Empire (UK)

MIDNIGHT RUN

Here come two words for you: writer George Gallo talks about the making of a modern classic.

- chris hewitt

THERE’S NO SUCH thing as a perfect film — well, maybe Paddington 2 — but Midnight Run comes pretty damn close. Martin Brest’s 1988 movie, about Jack Walsh, a bounty hunter (Robert De Niro), transporti­ng Jonathan ‘The Duke’ Mardukas, an absconded Mob accountant (Charles Grodin), across country under the nose of the Mafia and the Feds, is part road-trip, part-buddy comedy, part-action movie, and is utterly magnificen­t. It’s incredibly influentia­l — many movies, including the Gerard Butler/jennifer Aniston comedy The Bounty Hunter, Reese Witherspoo­n’s Hot Pursuit and the Ryan Reynolds/ Samuel L. Jackson misfire The Hitman’s Bodyguard, have attempted to match its blend of character-based comedy, potty-mouthed humour and chaotic action, but none have come close. Its appeal lies in the incredibly quotable dialogue, the memorable, well-drawn supporting cast, and its lead duo, whose caustic, cantankero­us chemistry never gets old. Those characters, and that dialogue, was written by George Gallo, who spoke to us about setting off on that midnight run.

Midnight Run

was a hit on release, and gained even more traction over time. At what point did you notice that?

I don’t know. Here we are, years later, and I still hear it all the time. It hit a chord with people, some sweet spot, and I have to tell you, the most interestin­g thing to me is that Marty Brest and Robert De Niro and Charles Grodin, everyone who worked on it, got the joke. Jack Walsh was quite an angry guy and every line in his script was, “Fuck you”, “Motherfuck­er, fuck you, I’ll stick your fucking head in the fucking toilet.” It’s very angry and there’s a lot of nasty talk, but there’s a warm centre to the movie. Walon Green, who wrote The Wild Bunch, once said to me, “There are basically two kinds of movies. One is a candy-covered turd, and one is a turd with candy at the centre.” It was a turd with candy at the centre, Midnight Run.

How did you discover bounty hunting? Midnight Run came out of a discussion — the whole fear of flying thing. There’s a friend of mine who’s a cop, Stanley White, who was a highly decorated cop in the sheriff’s department in Los Angeles, and a friend of mine. He was my technical advisor when I was writing Bad Boys, which was originally called ‘Bulletproo­f Hearts’, for Paramount. We were having lunch and I said, “I have this thing, I don’t like to fly, and I got this thing about

a criminal.” We started talking about how the guy won’t get on an airplane. He said, “Anybody with any police training knows you can’t force a criminal to fly. It’s against the criminal’s civil rights.” We started discussing it and somehow got onto bounty hunters. That was that.
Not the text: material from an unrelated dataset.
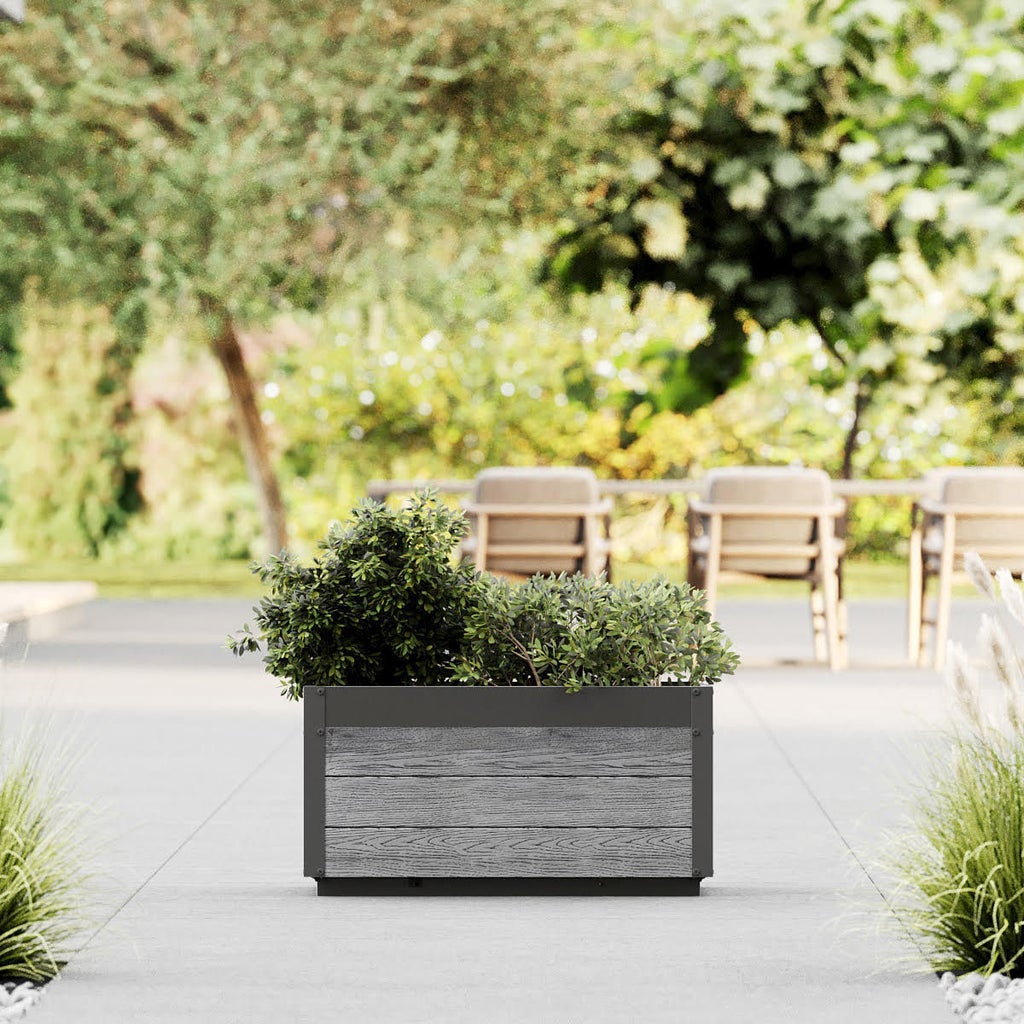 Enlarge Product Preview 1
How did you pitch it to Martin Brest?

Marty had read Bad Boys but didn’t want to do another cop movie after Beverly Hills Cop. I ran into him and that was total fate. I was on the Paramount lot and forgot something and went back to get it. Coming back the second time I saw Marty coming, and I said, “I got this thing I’m working on about a bounty hunter.” He made a face and said, “Do they still have bounty hunters?” That really wasn’t in the lexicon in the 1980s. It is now. I said, “Don’t ask me how it ends, I have no idea.” He read some pages and said, “I want to do this.”

So The Duke’s fear of flying actually comes from you?
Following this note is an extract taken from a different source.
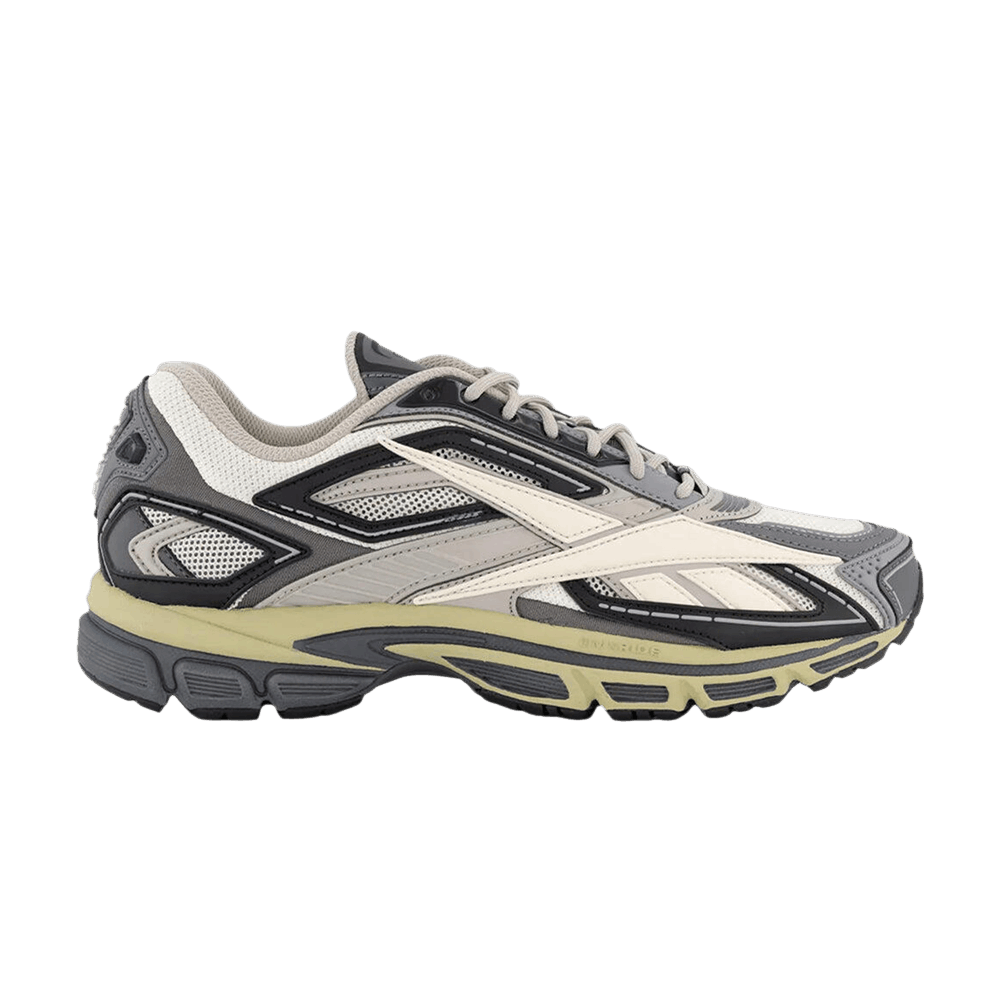 Men's Premier Road Ultra 'Tonal Grey'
Absolutely. I don’t fly. I have a very legitimate fear of flying. When there was word Middle Men [a 2009 film Gallo wrote and directed] was going to be at Cannes, I was praying at night that it would not get into the Cannes Film Festival just so I wouldn’t have to fly there. A friend of mine, Chris Mallick, the producer, sent me to a place where you get over phobias. I went to it and got on the plane and then flew home, but I think that could be the end of me flying. I don’t like it. I just don’t like it.

Did you always want to incorporat­e that? How much of you is in Jack and The Duke?

I almost did what The Duke did once. I was on a plane going to Florida to visit my parents, and I was like, “I’m over this shit.” They started to close the doors and I said, “Fuck this, I can’t do it.” I literally jumped out of my seat. I ran off the plane and my luggage went to Florida. I started to think that there’s something very funny about a guy who just refuses to fly. He just won’t do it, and that’s where it started in my head.

When did you come up with the notion that The Duke was faking it?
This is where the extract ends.